CoStar Group Inc. Stock Upgraded (CSGP)
NEW YORK (TheStreet) -- CoStar Group (Nasdaq:CSGP) has been upgraded by TheStreet Ratings from hold to buy. The company's strengths can be seen in multiple areas, such as its largely solid financial position with reasonable debt levels by most measures, revenue growth, expanding profit margins and solid stock price performance. We feel these strengths outweigh the fact that the company has had somewhat weak growth in earnings per share. Highlights from the ratings report include:
- Even though the debt-to-equity ratio shows mixed results, the company's quick ratio of 8.89 is very high and demonstrates very strong liquidity.
- The revenue growth came in higher than the industry average of 3.6%. Since the same quarter one year prior, revenues rose by 11.7%. This growth in revenue does not appear to have trickled down to the company's bottom line, displayed by a decline in earnings per share.
- The gross profit margin for COSTAR GROUP INC is currently very high, coming in at 70.70%. It has increased from the same quarter the previous year. Regardless of the strong results of the gross profit margin, the net profit margin of 3.60% trails the industry average.
- Looking at where the stock is today compared to one year ago, we find that it is not only higher, but it has also clearly outperformed the rise in the S&P 500 over the same period, despite the company's weak earnings results. Looking ahead, the stock's rise over the last year has already helped drive it to a level which is relatively expensive compared to the rest of its industry. We feel, however, that the other strengths this company displays justify these higher price levels.

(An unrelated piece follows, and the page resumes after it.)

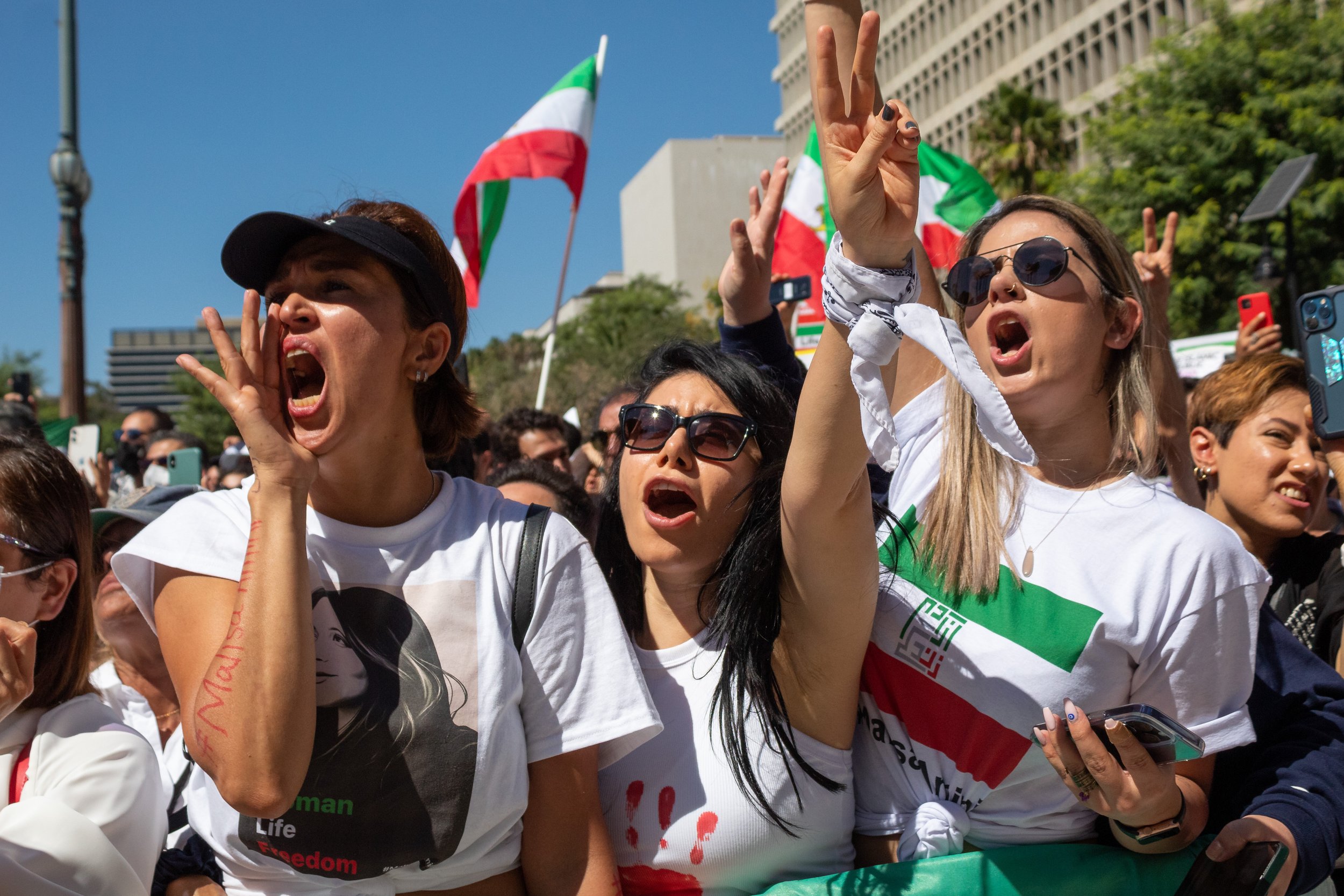  Maryam Mohebfar (left), Ashley (middle), and Diba (right) cheering at the Freedom for Iran rally on the steps of Los Angeles City Hall. The rally marched from Pershing Square with at least a thousand people in attendance as well as being part of a l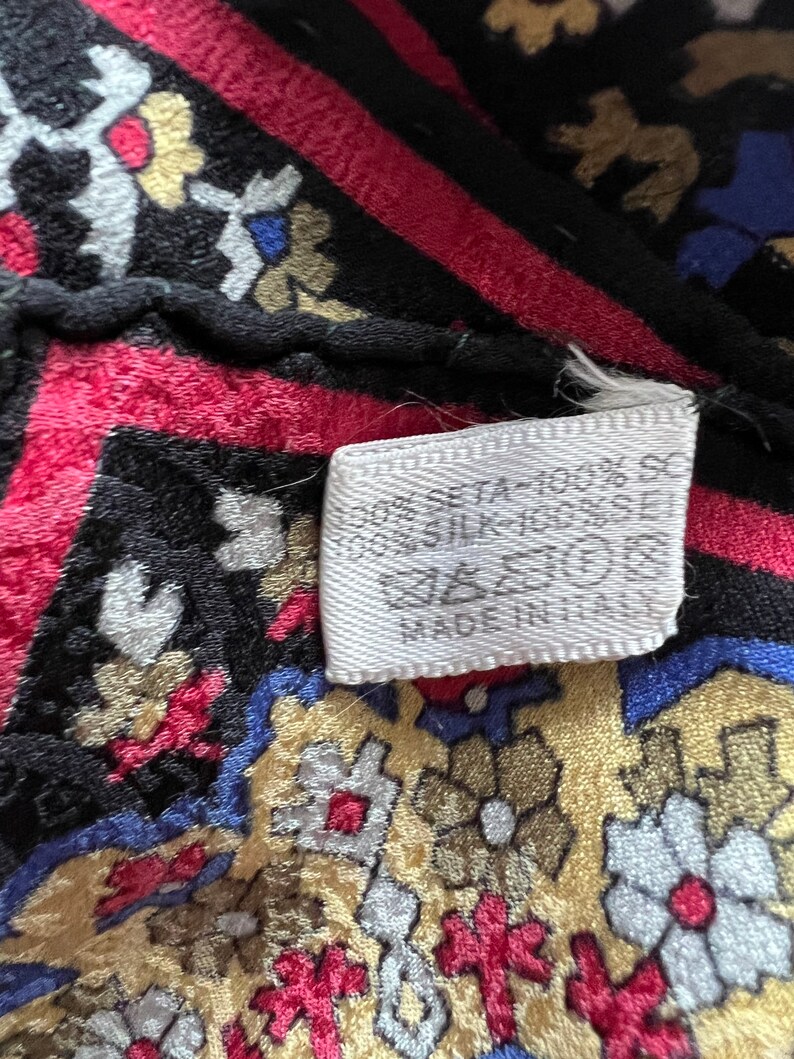 Puede incluir: Una tela de seda estampada con un dise&ntilde;o floral en negro, rojo, azul y dorado. Una etiqueta de cuidado blanca est&aacute; adherida, mostrando el texto 100% SILK, s&iacute;mbolos de cuidado y MADE IN ITALY. La tela tiene una superficie texturizada y borde.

- COSTAR GROUP INC's earnings per share declined by 43.8% in the most recent quarter compared to the same quarter a year ago. Earnings per share have declined over the last two years. We anticipate that this should continue in the coming year. During the past fiscal year, COSTAR GROUP INC reported lower earnings of $0.64 versus $0.95 in the prior year. For the next year, the market is expecting a contraction of 20.3% in earnings ($0.51 versus $0.64).